Конечно, общество интересуется мельчайшими подробностями жизни Мицкевича. Итак, я вспомню и о том, как он одевался. До 1841 года одевался, как все прочие. Не раз я видел его во фраке, в цилиндре, — всю жизнь, впрочем, не носил иного головного убора. После 1841 года, когда он познакомился и подружился с Товянским, покрой одежды Мицкевича подвергся изменениям. С фраком наступил полнейший разрыв, и он носил с тех пор мешковатый сюртук, старомодный, со стоячим воротником, всегда застегнутым на все пуговицы, ибо так носил Товянский и все приверженцы его.

В еде и питье был скромен и воздержан. Его деликатное сложение требовало этой скромности, и поэтому в выборе блюд он был капризен и прихотлив, а скорее — разборчив. Жена, Целина, бдительное на это обращала внимание. Если бы она всегда была при нем, он наверняка не умер бы преждевременно. У себя дома он всегда ел в одиночестве, за исключением праздничных дней и когда бывали гости. Питаться отдельно ему было необходимо, как необходим покой людям столь значительным, как Мицкевич. Курение табака вошло у него в привычку. Дома он почти не выпускал изо рта длинного чубука с втиснутой туда стамбулкой; говорю «втиснутой», потому что рука его всегда была занята прилаживанием и приминанием ее или зажиганием спичек, потому что, занятый разговором, он забывал об огне в трубке. Из дому выходил всегда с тростью, которая не отличалась элегантностью, да и вообще элегантности напрасно было бы искать во всем туалете Адама…»

Таким видел его посторонний свидетель, дотошный до крайности и, быть может, немного трогательный в своей наивности. Другие, которые смотрят на него, не могут избавиться от суггестивного воздействия его творений, так, как, скажем, любитель пейзажей Рюйсдаля нередко не отдает себе отчета в том, что он смотрит на реальный пейзаж глазами художника. В особенности это было заметно, когда дело доходило до бесед. Тон и течение разговора зависели от того, с кем поэт говорил. С земляком, литвином, который бродил по ромайнским оврагам, видел Вендзяголу и Ромайнью и, быть может, охотился на чирков в плавнях Невджи, он разговаривает иначе, чем, к примеру, с Виктором Баворовским[244], переводчиком «Оберона».

Мицкевич неохотно беседовал о литературе. И с наибольшей неохотой — о собственных поэтических произведениях. Когда хранитель библиотеки Арсенала, господин де л’Ардеш, показывает ему номера «Revue Contemporaine» со статьями Клячко[245] о поэзии Адама Мицкевича, поэт говорит:

— Я никогда не читаю того, что пишут обо мне.

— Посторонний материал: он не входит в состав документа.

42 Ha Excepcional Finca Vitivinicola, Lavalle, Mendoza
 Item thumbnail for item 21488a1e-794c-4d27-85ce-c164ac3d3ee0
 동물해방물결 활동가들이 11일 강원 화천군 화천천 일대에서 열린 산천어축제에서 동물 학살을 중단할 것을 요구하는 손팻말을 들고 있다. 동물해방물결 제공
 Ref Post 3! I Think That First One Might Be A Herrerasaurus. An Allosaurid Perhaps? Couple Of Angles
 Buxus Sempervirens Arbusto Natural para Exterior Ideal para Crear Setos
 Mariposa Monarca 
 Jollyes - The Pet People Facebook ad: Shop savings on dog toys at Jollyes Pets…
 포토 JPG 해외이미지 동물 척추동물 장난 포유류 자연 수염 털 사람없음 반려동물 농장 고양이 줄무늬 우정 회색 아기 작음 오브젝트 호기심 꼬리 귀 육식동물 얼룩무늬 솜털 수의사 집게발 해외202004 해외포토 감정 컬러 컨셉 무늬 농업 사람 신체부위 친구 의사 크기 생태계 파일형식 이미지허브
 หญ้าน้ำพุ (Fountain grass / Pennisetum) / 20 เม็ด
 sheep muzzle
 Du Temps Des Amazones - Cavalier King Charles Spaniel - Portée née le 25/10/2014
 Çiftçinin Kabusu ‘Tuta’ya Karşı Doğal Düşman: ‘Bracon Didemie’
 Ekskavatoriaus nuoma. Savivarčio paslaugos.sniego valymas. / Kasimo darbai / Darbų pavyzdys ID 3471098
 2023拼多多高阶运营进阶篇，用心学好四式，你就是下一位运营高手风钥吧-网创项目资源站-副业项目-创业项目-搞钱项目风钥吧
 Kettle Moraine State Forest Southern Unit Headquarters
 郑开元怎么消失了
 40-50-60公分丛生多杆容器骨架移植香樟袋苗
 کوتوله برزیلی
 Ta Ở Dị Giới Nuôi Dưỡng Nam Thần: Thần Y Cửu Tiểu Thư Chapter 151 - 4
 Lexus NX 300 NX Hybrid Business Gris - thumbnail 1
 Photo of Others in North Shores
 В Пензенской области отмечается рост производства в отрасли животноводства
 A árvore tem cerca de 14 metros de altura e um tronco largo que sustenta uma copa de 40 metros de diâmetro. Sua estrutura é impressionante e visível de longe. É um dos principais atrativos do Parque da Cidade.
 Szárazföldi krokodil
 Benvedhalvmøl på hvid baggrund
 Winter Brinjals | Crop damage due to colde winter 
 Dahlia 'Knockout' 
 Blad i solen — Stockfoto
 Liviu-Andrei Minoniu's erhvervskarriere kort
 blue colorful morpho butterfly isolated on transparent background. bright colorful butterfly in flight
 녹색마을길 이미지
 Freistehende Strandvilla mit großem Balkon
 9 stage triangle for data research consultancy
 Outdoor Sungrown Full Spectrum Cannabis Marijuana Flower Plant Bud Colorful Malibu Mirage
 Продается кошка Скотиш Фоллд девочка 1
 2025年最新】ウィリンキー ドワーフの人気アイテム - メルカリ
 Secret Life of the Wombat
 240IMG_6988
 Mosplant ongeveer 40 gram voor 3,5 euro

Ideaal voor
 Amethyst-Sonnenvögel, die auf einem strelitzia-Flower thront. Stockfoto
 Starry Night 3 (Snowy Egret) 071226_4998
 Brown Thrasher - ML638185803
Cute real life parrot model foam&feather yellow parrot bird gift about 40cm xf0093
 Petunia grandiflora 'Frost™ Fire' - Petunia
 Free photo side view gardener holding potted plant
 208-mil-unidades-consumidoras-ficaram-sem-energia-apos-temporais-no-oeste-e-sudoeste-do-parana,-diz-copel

— Прошу для меня сделать исключение. Я не могу читать ваших творений в оригинале и хотел бы по крайней мере знать, как вы судите об этой статье.

Через несколько дней Мицкевич возвращает журнал хранителю и, глядя ему прямо в глаза, как привык смотреть, когда хотел подчеркнуть какую-либо свою мысль, подводит итог своим впечатлениям в следующей фразе:

— Нелегко было настрочить столько страниц о «Крымских сонетах», не упомянув ни одной мысли, заключенной в них.

Когда Баворовский показывает ему свой перевод «Оберона» Виланда, поэт рекомендует переводчику более достойные его усилий творения: Шекспира, Данте, «Одиссею», Ариосто, Гёте, «Чайльд Гарольда».

— «Одиссея» мне недоступна, — говорит Баворовский, — ибо я не знаю по-гречески.

— Так научись, — коротко отвечает Мицкевич.

Баворовский упомянул о «Последней песне паломничества Чайльд Гарольда» Ламартина.

— Ах, до чего это слабо! — возмущенно воскликнул Мицкевич.